Mentor

La ventaja de contar con un mentor.

Muchos emprendedores recurren a servicios de apoyo externo; coach o mentoría, sobre todo si acaban de empezar, si se introducen en un nuevo nicho o realizan tareas que nunca habían hecho antes. Hoy, con la debida formación, cualquier proyecto se puede llevar a cabo; eso sí, contar con un coach o mentor te ahorra mucho tiempo, y ante todo, evita que caigas en los errores del principiante. Mentor y coach no son lo mismo. En este artículo te vamos a contar en qué se diferencian y por qué, desde mi punto de vista, el mentor es más ventajoso.

A raíz del programa “Pesadilla en la cocina”, que se emitió durante 9 temporadas, el chef Alberto Chicote manifestó en varias entrevistas que en la hostelería española hay un problema de falta de preparación y de experiencia. No en todos los casos, pero como vimos en su programa, hay gente que sabe cocinar o piensa sabe hacerlo y abre un restaurante. Pero llevar un negocio para dar de comer a 50 personas al día no es lo mismo que cocinar para los amigos. Aunque tenía formato de “Reality”, en cierto modo, Chicote actuaba de mentor.
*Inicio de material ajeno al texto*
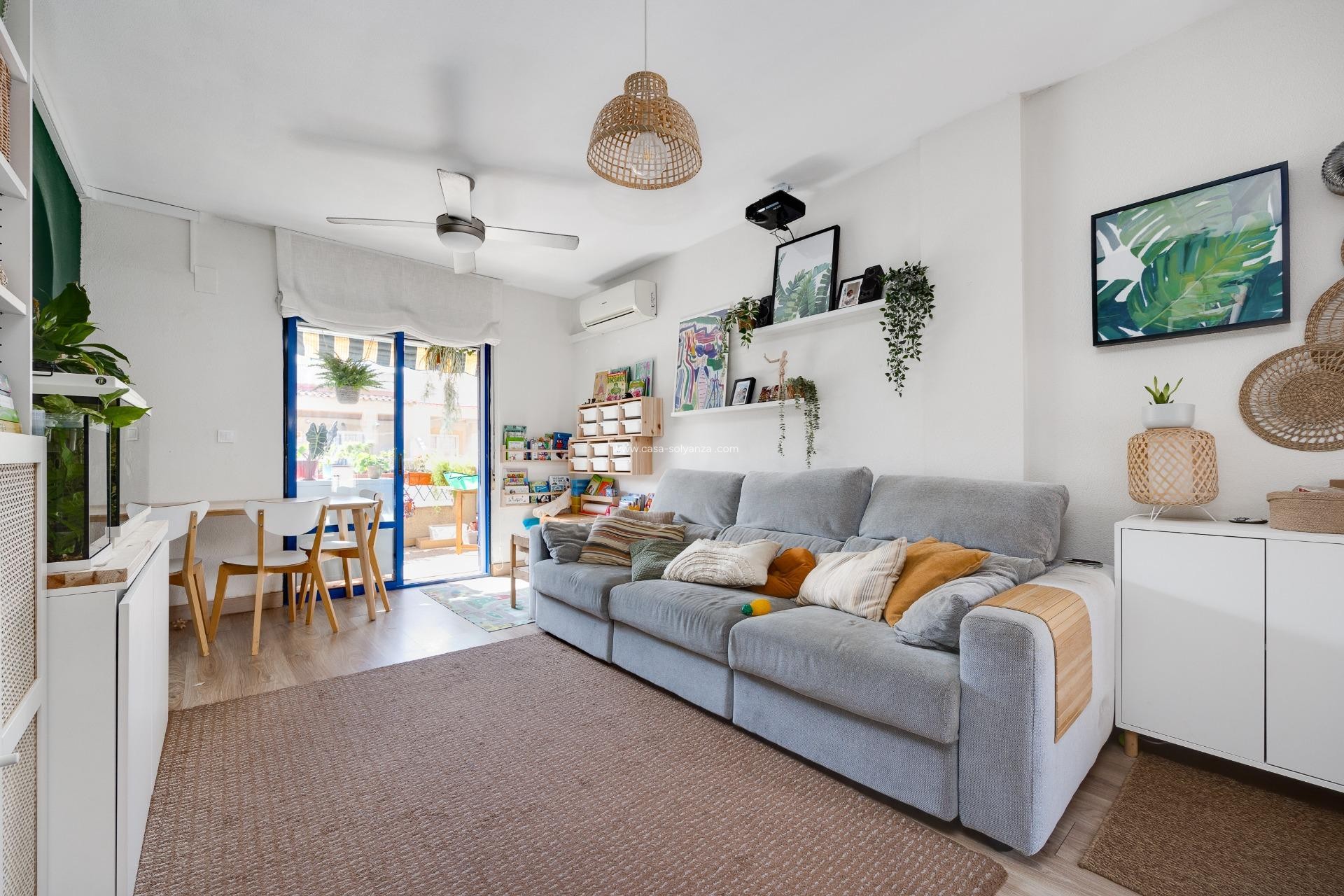 Reventa - Apartamento / piso - Torrevieja - Calas Blanca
El problema de la falta de preparación no es exclusivo de la hostelería. Afecta, en general, al mundo del emprendimiento y de la empresa. Una noticia difundida por Europa Press manifiesta que un 85% de la población española opina que no es fácil emprender. Aunque está el incentivo de los posibles beneficios económicos, ponerse a emprender implica pasar a un terreno de incertidumbre donde no está garantizada la estabilidad económica. Esto se da en un escenario donde, muchas veces, el emprendedor ha comprometido recursos propios o ajenos, para poner en marcha su idea. Razón, por la cual, muchos emprendedores buscan una red, o un catalizador, en los servicios de coach y de mentoría.

Mucho talento, demasiadas barreras.

El Observatorio del Emprendimiento en España (OEE) publicó un post en LinkedIn en el que ponía de manifiesto como la alta preparación de la juventud española actual no se corresponde con su iniciativa empresarial.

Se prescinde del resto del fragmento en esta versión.